Zum Konzert am 14. Juni 1964 in Wien

Kurier, Wien, 15. Juni 1964  

Ein bewegendes "Lied von der Erde"

Gestern im Musikverein: Symphoniker, Krips, Wunderlich und Fischer-Dieskau

Es ist Mahles populärstes Werk, dieses "Lied von der Erde", häufiger gespielt als jede seiner Symphonien und den Musikliebhabern besser im Ohr als so manches klassische Opus. Das mag zur Einstimmung des Publikums förderlich sein, schraubt freilich auch den Anspruch auf allerhöchste Gipfel, was die Wiedergabe anlangt.

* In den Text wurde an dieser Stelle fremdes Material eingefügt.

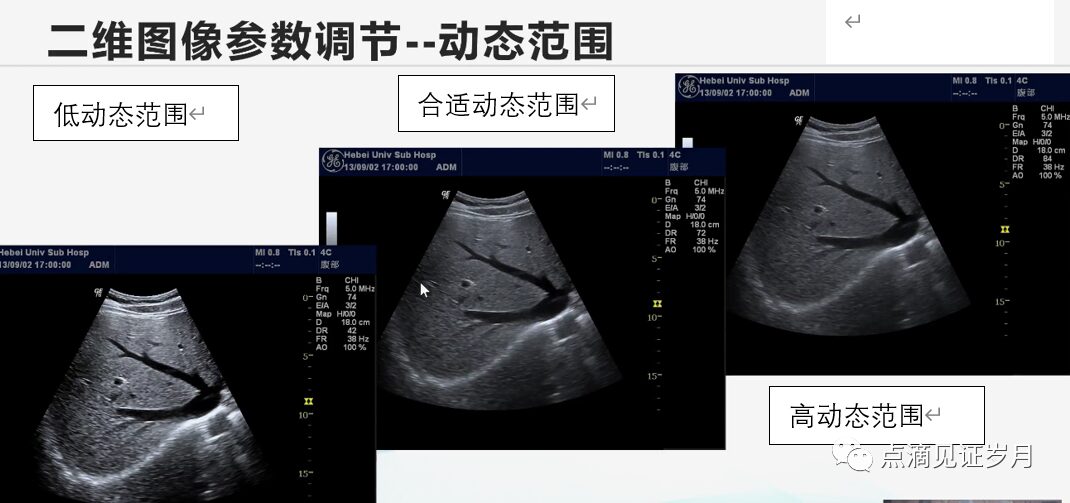 Understanding and Adjusting Parameters of Color Doppler Ultrasound Machines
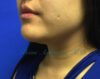 Kybella case #2810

Diese Gipfel wurden im Sonntagvormittagskonzert der Wiener Symphoniker unter der Leitung von Joseph Krips durchwegs erklommen. Der Dirigent, mit der Musik auch vom Herzen her vertraut, konnte mehr als eine nur brillante Aufführung bewerkstelligen. Sein Temperament, seine Intensität, seine Erlebniskraft teilten sich dem aufmerksam spielenden Orchester unmittelbar mit. Das Ergebnis war betörender Wohlklang von reichster Differenzierung, delikates Formulieren unterschiedlichster Stimmungen, Prägnanz im federnden Rhythmus und ein durchaus flüssiges Pathos, schlank im Klang, in Heiterkeit und Wehmut. Eine sehr poetische Aufführung.

Die ideale Solistenbesetzung krönte das Gelingen: Fritz Wunderlichs kostbare Tenorstimme hat das lodernde Feuer für das Lied des Trunkenen ebenso zu Gebot wie die zarte Anmut für den behutsamen Umgang mit chinesischem Porzellan. Und Dietrich Fischer-Dieskau, dieses Wunder von einem wahrhaft nachschaffenden Künstler, lebt jede Phase und Phrase seines Vortrags bis zur Ausdrucksfärbung der Vokale mit, bis zur völligen Verschmelzung von Interpret und Werk. Man vergaß darob sogar, um den gewohnten Klang einer Altstimme zu trauern, die zumal im letzten Lied (der freilich ein Abschied unter Männern ist) berückendere Melancholie zu verströmen vermag als jeder Bariton.

Zu Beginn des Konzertes wurde Schuberts "Unvollendete" gespielt, wodurch die Matinee zu einer Pause kam. Am Ende gab es voll orchestrierten Beifall von außerordentlicher Länge.